**ASSIGNMENT:** Each entry is to be repeated word for word, and the images are to be dropped.

**RECORDS FOR PROCESSING:**

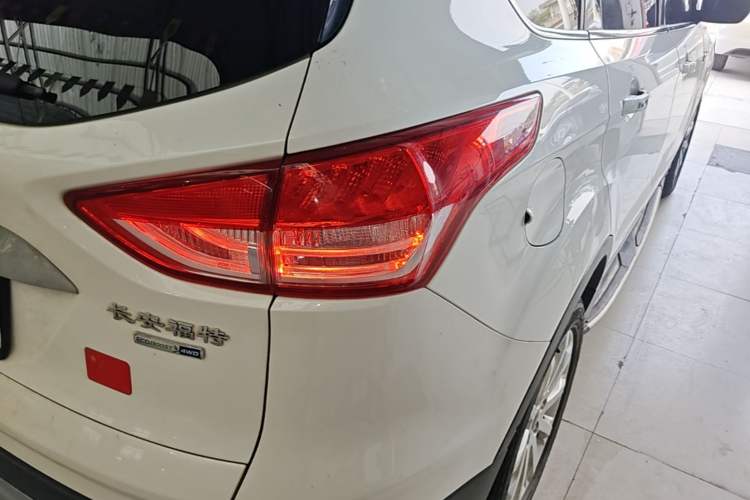 Used Ford Kuga 2015 1.5L GTDi Four-Wheel-Drive Elite Model Right Rear Taillight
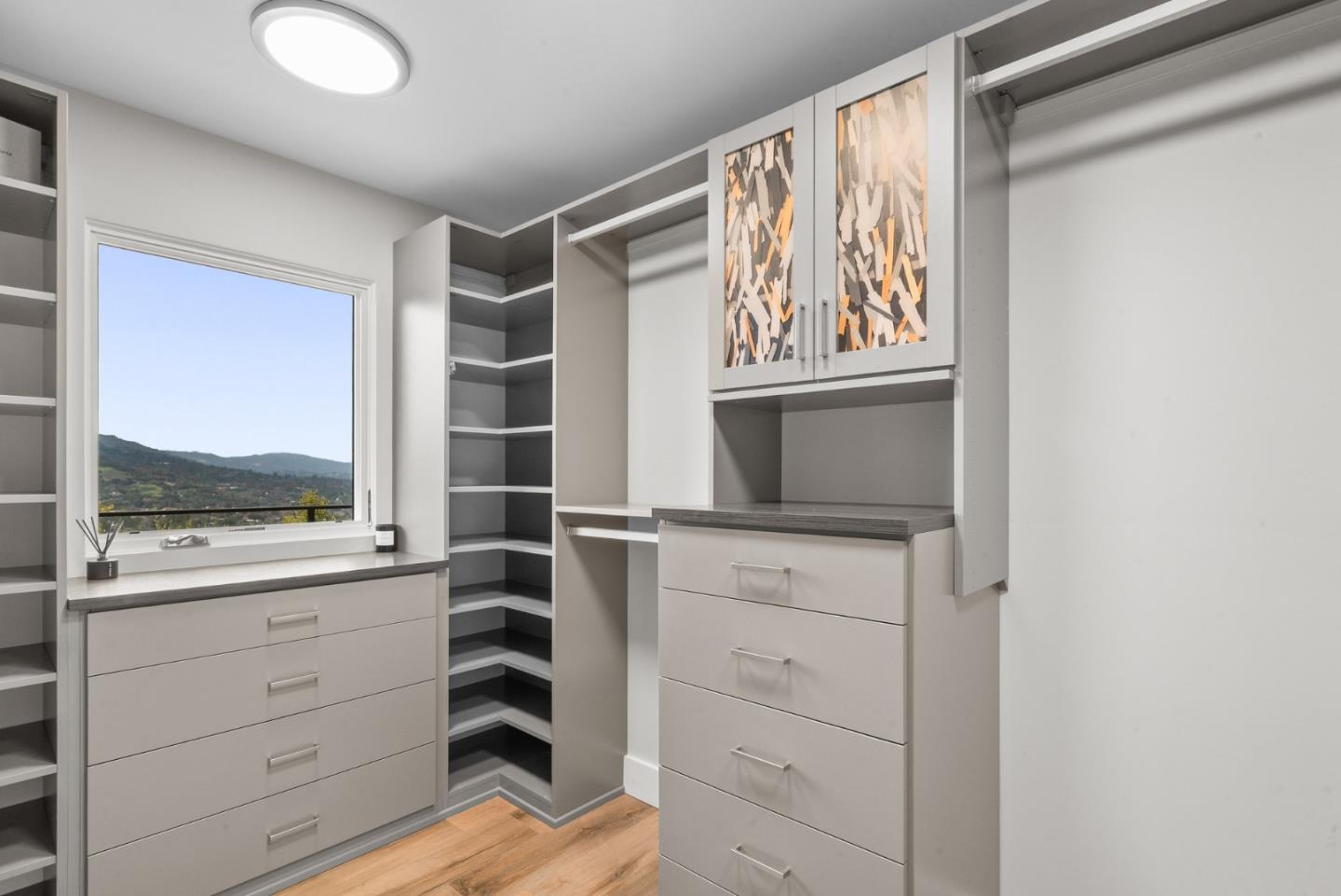 Los Gatos, California, 95030, United States, 5 Bedrooms Bedrooms, ,6 BathroomsBathrooms,Residential,For Sale,1997013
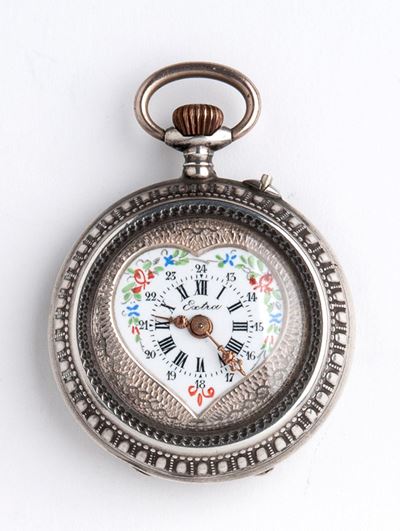 Orologio da tasca svizzero in argento, cassa incisa e quadrante in smalto policromo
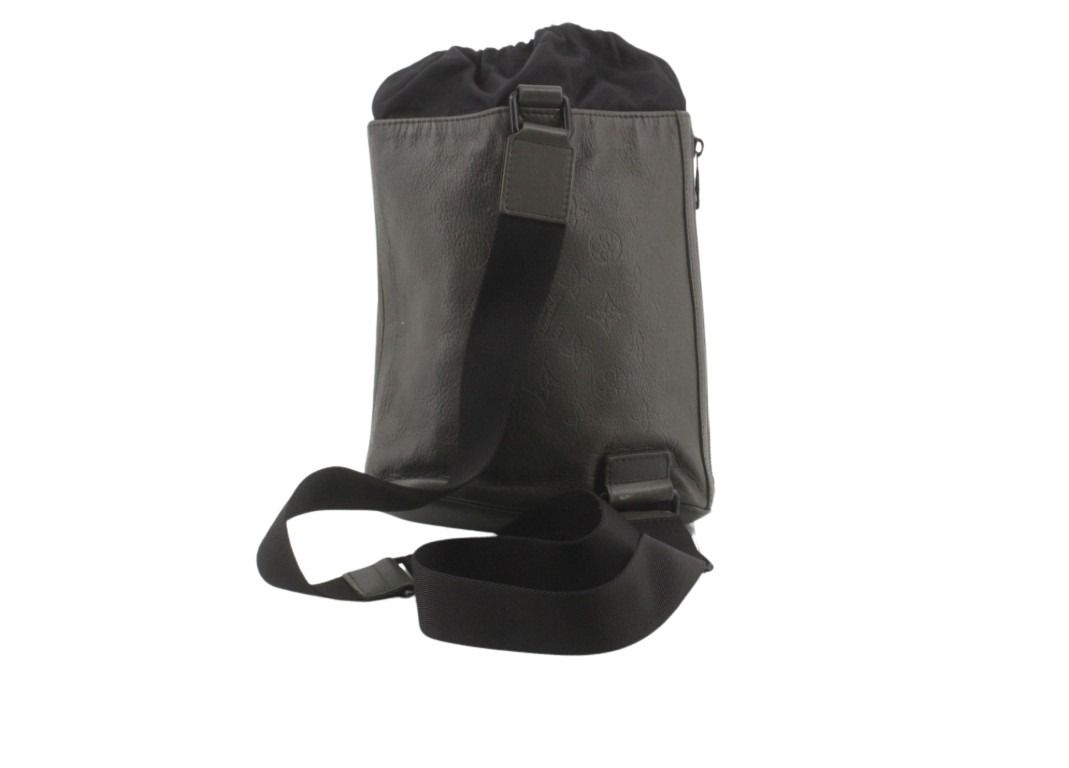 LOUIS VUITTON ルイヴィトン ショルダーバッグ チョーク スリングバッグ M44634 カーキ系 モノグラムシャドウ メンズ 美品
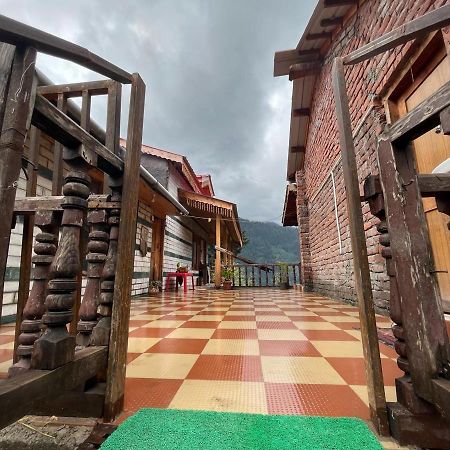 The Cottage And Cheese Манали Экстерьер фото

**RESULT OF THIS EXERCISE:**
 Used Ford Kuga 2015 1.5L GTDi Four-Wheel-Drive Elite Model Right Rear Taillight
 Los Gatos, California, 95030, United States, 5 Bedrooms Bedrooms, ,6 BathroomsBathrooms,Residential,For Sale,1997013
 Orologio da tasca svizzero in argento, cassa incisa e quadrante in smalto policromo
 LOUIS VUITTON ルイヴィトン ショルダーバッグ チョーク スリングバッグ M44634 カーキ系 モノグラムシャドウ メンズ 美品
 The Cottage And Cheese Манали Экстерьер фото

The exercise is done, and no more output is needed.